GM has done fairly well in recent years in vastly improving their designs and quality. But I hope they lose their shirts on this H2/H3 debacle. Do we need more fake poser “jeeps”??–I think not. Am I in the minority with this opinion??–Probably yes.
I have also heard this same talk coming from Hummer dealerships, especially in Georgia where I have a friend who sells these abominations. I told him once that, “for any true outdoors person, the Hummer is the antithesis of everything we believe. We have a very simple motto that has reigned throughout the years, ‘take only pictures leave only footprints.’ As far as I can tell, the driving force behind the Hummer is the idea that somewhere out in the world is pristine wilderness and we’ll give you a vehicle to drive over it.”
Barf
Most people around here keep them shined up and just drive them around town.
If I had one, it would never go off road.
" fake poser “jeeps”"
So that means they’re good, right?
Please note that these trucks are quite a bit more than reclad Chevy Pickups. Not that there is anything wrong with that; my Silverado is quite capable off road. The off road mags are finding that these “pathetic” trucks have quite a lot of the H1’s capability. Or were you talking about ordinance?
Anyway, here’s more info and a pic.
In the interest of full disclosure, Greg, you are most definitely goring my ox!
LOL! Have you ever seen the commercial asking “How big is big enough?” with respect to SUVs? It shows a bunch of huge construction vehicles lined up outside a grade school with moms & dads driving them. I burst out laughing when I saw that, because it looks just like the carpool lane at my kid’s school! SUVs are one thing, but unless you’re a rapper, driving a Hummer around town makes a person look totally ridiculous!!! IMHO. The H3 looks more reasonable.

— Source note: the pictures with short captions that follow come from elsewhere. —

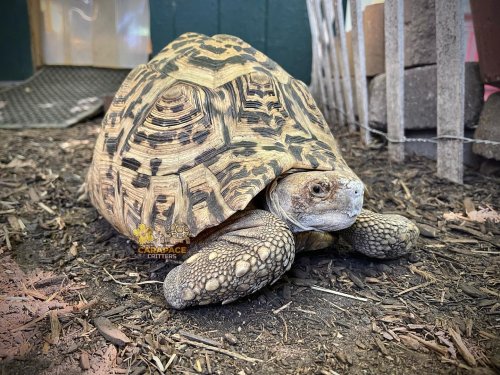 Photo post from carapacecritters.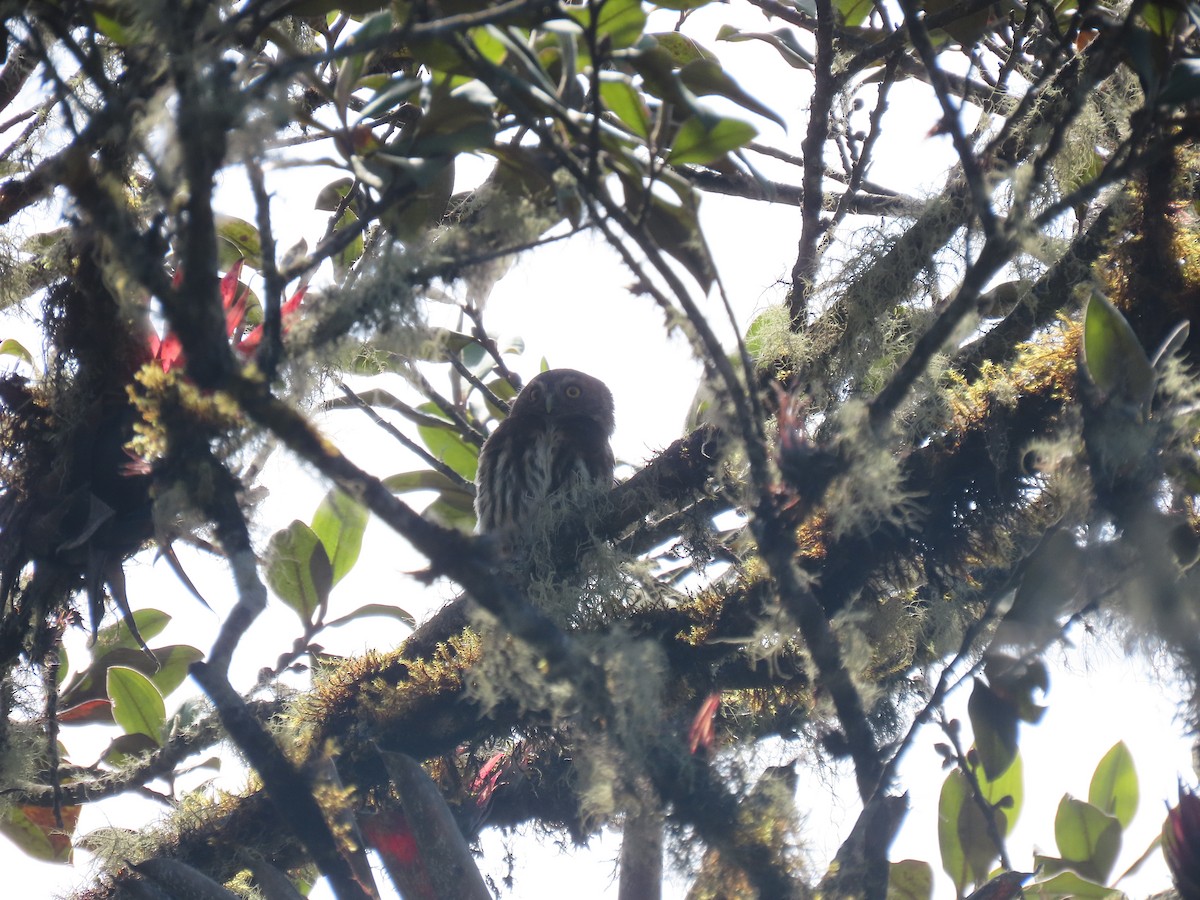 Andean Pygmy-Owl - ML396640151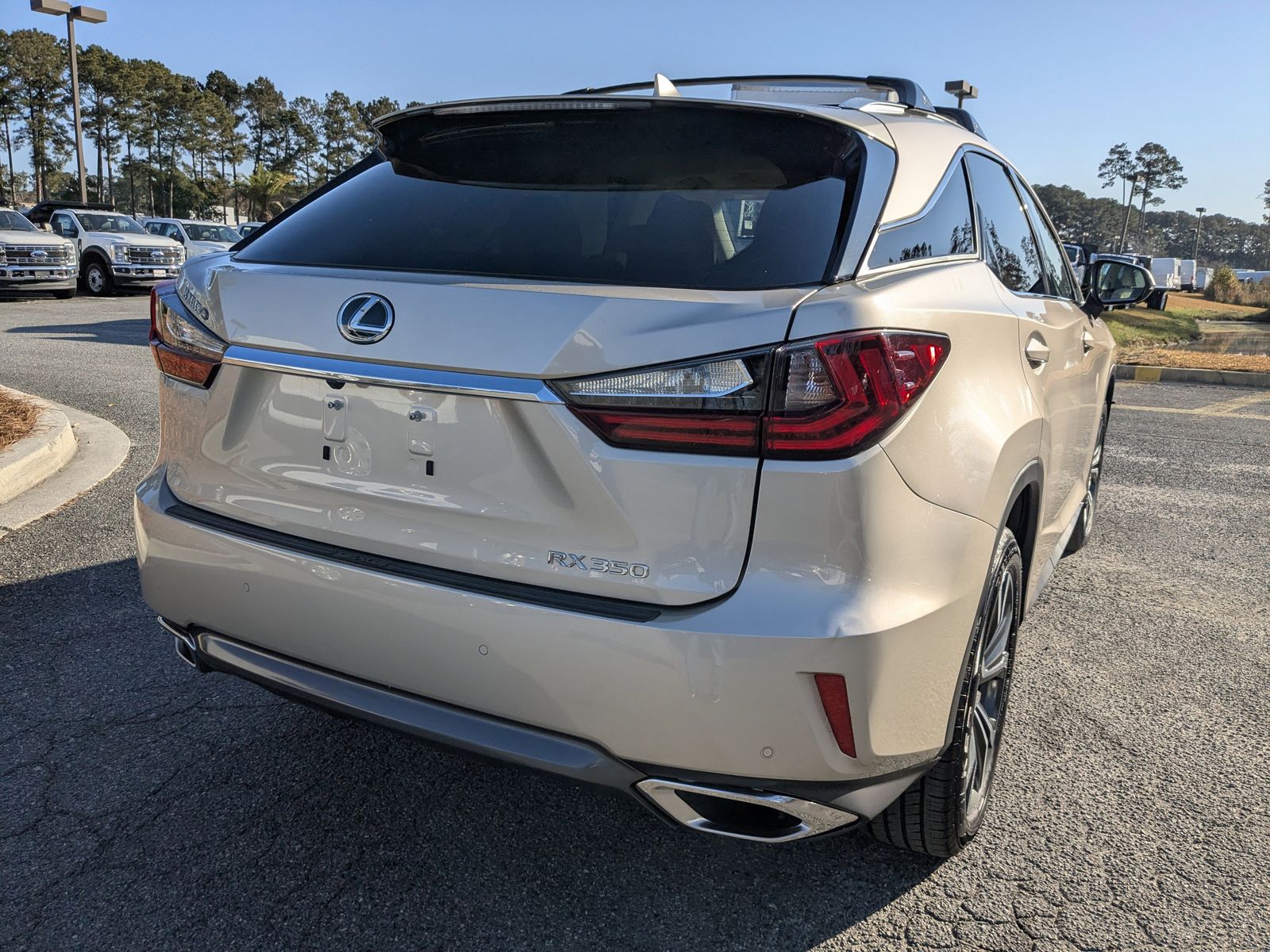 2018 Lexus RX 350 F SPORT photo 4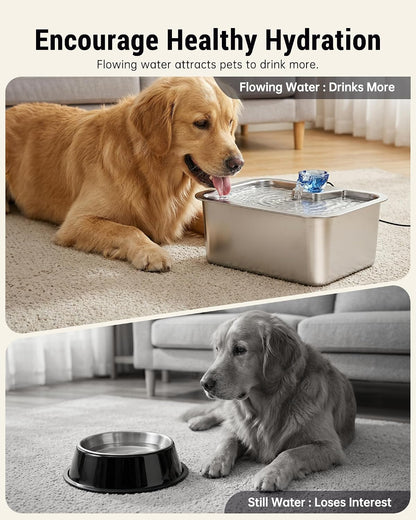 D2341 10L (2.6-Gallon) Stainless Steel Dog Water Fountain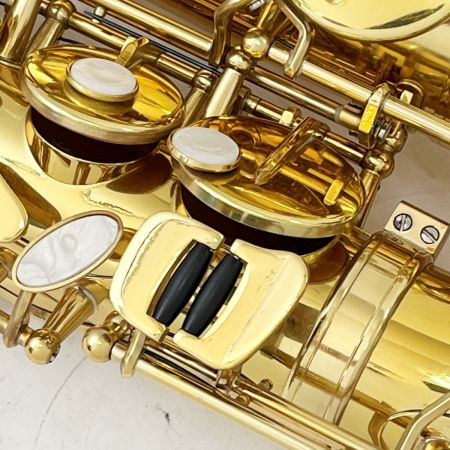 メーカー不明 楽器 管楽器 アルトサックス ケース付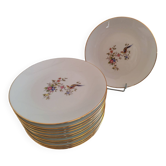 Set of 12 Limoges LP bee plates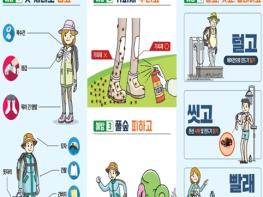 광주광역시, 쯔쯔가무시증 10∼11월 80% 발생…야외활동 주의 기사 이미지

BTW, this winter there was a fatal accident in my neighborhood. A 12 year old boy was killed while in the passenger seat of a Suburban driven by his mother. At a busy intersection, a 20 year old nanny driving her employer’s children in their H2 (and talking on her cell phone) blew through a solid red light and hit the passenger side of the Suburban, killing the 12 year old. She plead guilty. Why would you let a 20 year old drive your children around in your H2?!?!?!?
“Most people around here keep them shined up and just drive them around town.”
That’s why I find these gas guzzler behemoths totally abnoxious. The ultimate in urban assault vehicles to drive Mr or Mrs FatAss a few hundred yards to pick up a large size bottle of pop and a bag of super size potatoe chips at the local convenience store. Would rather see these people walking or riding their bikes to the convenience store.
I currently drive a Honda Element, mainly because I’m broke and needed a cheap vehicle that would allow me to transport my bike and my snakes inside. But if I could buy the vehicle of my choosing today, it’d be an H2. People can say what they want about it, but it’s a sharp ride and I’d take one in a heartbeat. And I’d never let it get off road, either.
RP
I think the Element is super cool.
Welcome to America.
Yes, the element seems like a great little truck actually designed for modern roads and modern US driving.
I drive cars until they drop dead (currently moving around on a 1989 Toyopet), so I wonder one major thing about the element: how will the gray plastic body parts hold up after spending 15+ years under the intense IR and UV radiation of sunlight as well as the extreme temp changes of daily seasonal life? Any ideas?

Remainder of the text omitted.